Spaced repetition scheduling and categorization

20 Apr, 2026

Should I consider the subject matter of a flashcard explicitly when scheduling reviews? On the one hand, more information is often better when determining a scheduling interval; on the other hand, we want to avoid complexity and overfitting, and one might reasonably hope my category-by-category differences to be captured in my performance itself, without needing to look at categories explicitly.

I'm approaching a million flashcard reviews and have never used category data in a scheduling algorithm.

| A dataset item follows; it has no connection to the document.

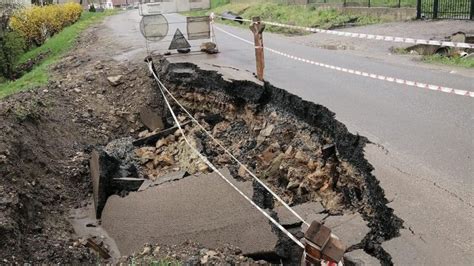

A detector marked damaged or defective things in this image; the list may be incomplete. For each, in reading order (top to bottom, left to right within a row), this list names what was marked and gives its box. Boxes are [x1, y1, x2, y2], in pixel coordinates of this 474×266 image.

damaged infrastructure [78, 56, 404, 264]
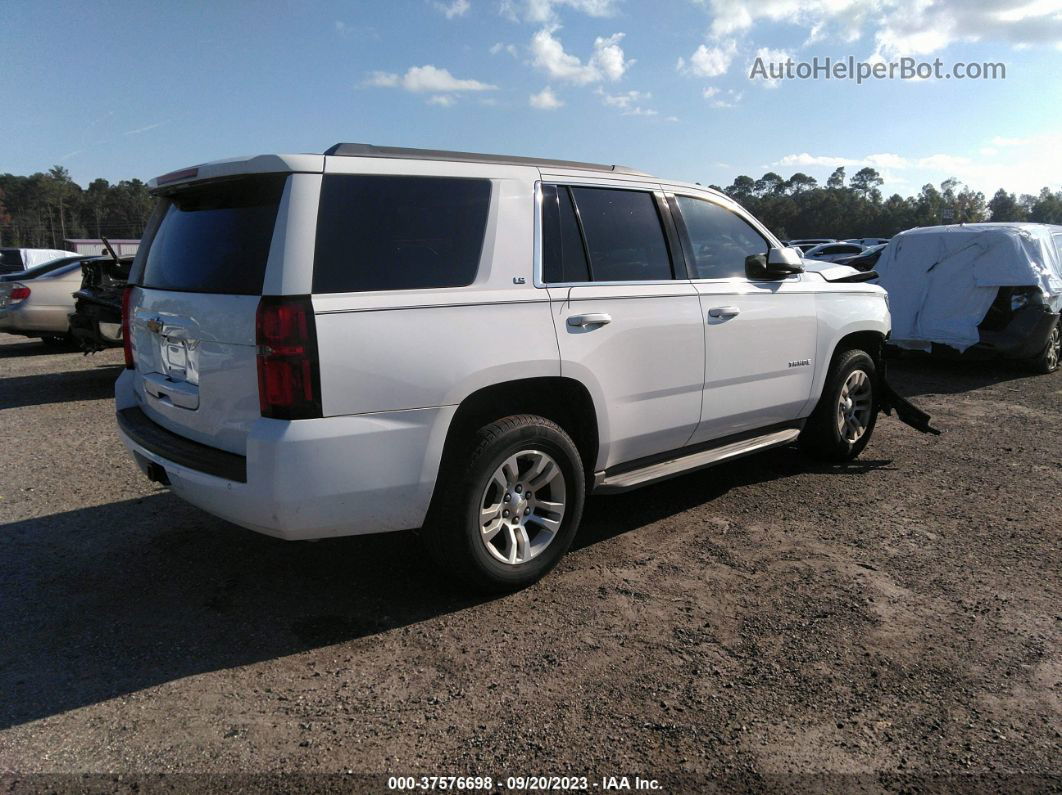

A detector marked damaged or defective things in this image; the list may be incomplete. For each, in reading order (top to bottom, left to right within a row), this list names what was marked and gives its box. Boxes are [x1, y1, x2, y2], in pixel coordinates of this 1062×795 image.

damaged car [876, 222, 1062, 374]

In that time, I've made a lot of flashcards about movies.¹ Here is my performance in two common response-pattern situations, split between questions about movies and questions not about movies.

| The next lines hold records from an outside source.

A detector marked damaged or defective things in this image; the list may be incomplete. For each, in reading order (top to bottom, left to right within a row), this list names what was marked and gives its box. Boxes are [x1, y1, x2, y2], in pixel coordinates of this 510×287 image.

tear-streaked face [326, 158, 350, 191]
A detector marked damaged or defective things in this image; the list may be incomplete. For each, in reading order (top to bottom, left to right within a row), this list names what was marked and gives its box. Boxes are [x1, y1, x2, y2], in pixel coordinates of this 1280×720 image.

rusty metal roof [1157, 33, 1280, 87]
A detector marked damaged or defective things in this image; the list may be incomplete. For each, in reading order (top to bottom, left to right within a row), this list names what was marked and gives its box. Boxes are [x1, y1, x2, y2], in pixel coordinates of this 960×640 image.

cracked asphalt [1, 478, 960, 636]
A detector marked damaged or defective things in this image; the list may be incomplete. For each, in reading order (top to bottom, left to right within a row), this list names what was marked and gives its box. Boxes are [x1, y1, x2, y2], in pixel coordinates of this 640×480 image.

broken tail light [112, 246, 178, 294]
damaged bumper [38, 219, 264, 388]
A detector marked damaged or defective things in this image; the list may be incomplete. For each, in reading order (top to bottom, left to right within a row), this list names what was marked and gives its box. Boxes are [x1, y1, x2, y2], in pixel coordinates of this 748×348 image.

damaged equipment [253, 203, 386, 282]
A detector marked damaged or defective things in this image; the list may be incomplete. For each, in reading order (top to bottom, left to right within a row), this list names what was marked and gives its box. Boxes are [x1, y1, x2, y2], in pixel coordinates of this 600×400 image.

First, when I make a card and get the first review correct, here's my performance on the second review:

Screenshot 2026-04-20 at 11

And when I get my first two reviews correct, here's my performance on the third review:

Screenshot 2026-04-20 at 11

Some notes and caveats:

These are just some high-volume patterns I checked; if you think there's some other category-specific analysis I ought to do, I'd be grateful to know it.
I don't organize my studying by "decks;" I study my cards all together, and those cards are tagged by category.²
Not all my movie-related cards are tagged as such, and a lot of my tagging has been done for me by AI (but that's another post). So these data are not even close to perfect. That said: (i) I've manually inspected a lot of LLM-generated tags, and they look good, and (ii) insofar as I have movie cards that are still untagged, my non-movie / movie gap would be understated.
As with all my analyses, I'm working with self-experimental data on which all sorts of hidden mechanisms might be operating. So, for example, I might have made a lot of flashcards about movies when I was scheduling reviews somewhat differently or when I was systematically sleep-deprived. I really doubt that any effect like this is operative here, but these are definitely one person's idiosyncratic data.
It's not clear to me what, if anything, I should do about this. The goal of scheduling is not, ultimately, to predict how likely I am to remember a card; it is to learn things durably. I'd only want to schedule movie-card reviews more conservatively if I were confident it would get me to long-run retention more efficiently. I suspect it would, but I can't be sure. And, as with long-interval performance, I'm not quite sure even what questions to be asking.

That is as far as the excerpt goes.